I am writing a class that will save wide strings to a binary file. I'm using Delphi 2005 for this but the app will later be ported to Delphi 2010. I'm feeling very unsure here, can someone confirm that:
A Delphi 2005 WideString is exactly the same type as a Delphi 2010 String
A Delphi 2005 WideString char as well as a Delphi 2010 String char is guaranteed to always be 2 bytes in size.
With all the Unicode formats out there I don't want to be hit with one of the chars in my string suddenly being 3 bytes wide or something like that.
Edit: Found this: "I indeed said UnicodeString, not WideString. WideString still exists, and is unchanged. WideString is allocated by the Windows memory manager, and should be used for interacting with COM objects. WideString maps directly to the BSTR type in COM." at http://www.micro-isv.asia/2008/08/get-ready-for-delphi-2009-and-unicode/
Now I'm even more confused. So a Delphi 2010 WideString is not the same as a Delphi 2005 WideString? Should I use UnicodeString instead?
Edit 2: There's no UnicodeString type in Delphi 2005. FML.
For your first question: WideString is not exactly the same type as D2010's string. WideString is the same COM BSTR type that it has always been. It's managed by Windows, with no reference counting, so it makes a copy of the whole BSTR every time you pass it somewhere.

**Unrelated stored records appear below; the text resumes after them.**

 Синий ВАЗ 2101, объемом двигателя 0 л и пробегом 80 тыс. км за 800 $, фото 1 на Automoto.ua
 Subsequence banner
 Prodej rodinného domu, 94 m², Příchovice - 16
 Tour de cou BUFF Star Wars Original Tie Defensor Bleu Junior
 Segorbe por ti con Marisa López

UnicodeString, which is the default string type in D2009 and on, is basically a UTF-16 version of the AnsiString we all know and love. It's got a reference count and is managed by the Delphi compiler.

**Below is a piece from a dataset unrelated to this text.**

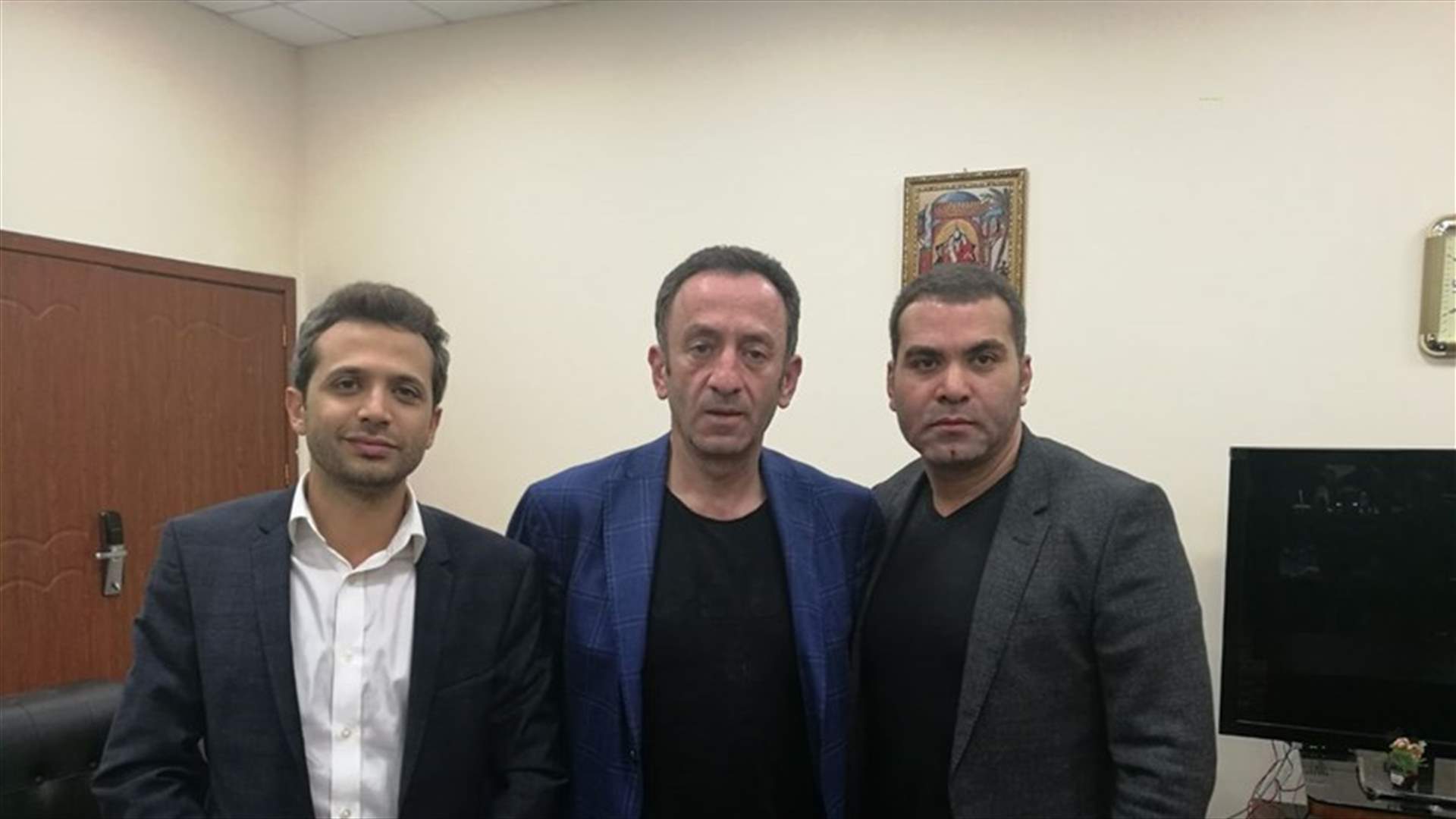 بالتفاصيل- هكذا تم تحرير اللبنانيين الثلاثة في العراق...والخاطفون بين قتيل ومُعتقل ومُلاحق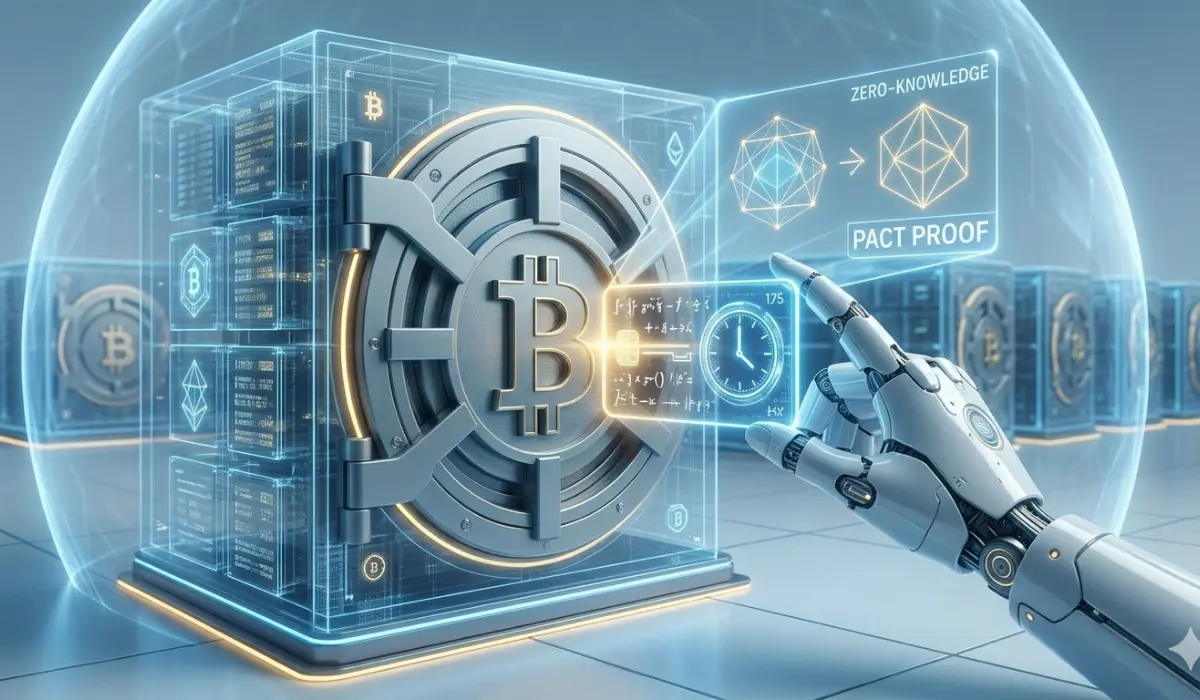 Bitcoin em Perigo Entenda a Nova Ameaça Quântica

For the second, the default char type is now WideChar, which are the same chars that have always been used in WideString. It's a UTF-16 encoding, 2 bytes per char. If you save WideString data to a file, you can load it into a UnicodeString without trouble. The difference between the two types has to do with memory management, not the data format.
As others mentioned, string (actually UnicodeString) data type in Delphi 2009 and above is not equivalent to WideString data type in previous versions, but the data content format is the same. Both of them save the string in UTF-16. So if you save a text using WideString in earlier versions of Delphi, you should be able to read it correctly using string data type in the recent versions of Delphi (2009 and above).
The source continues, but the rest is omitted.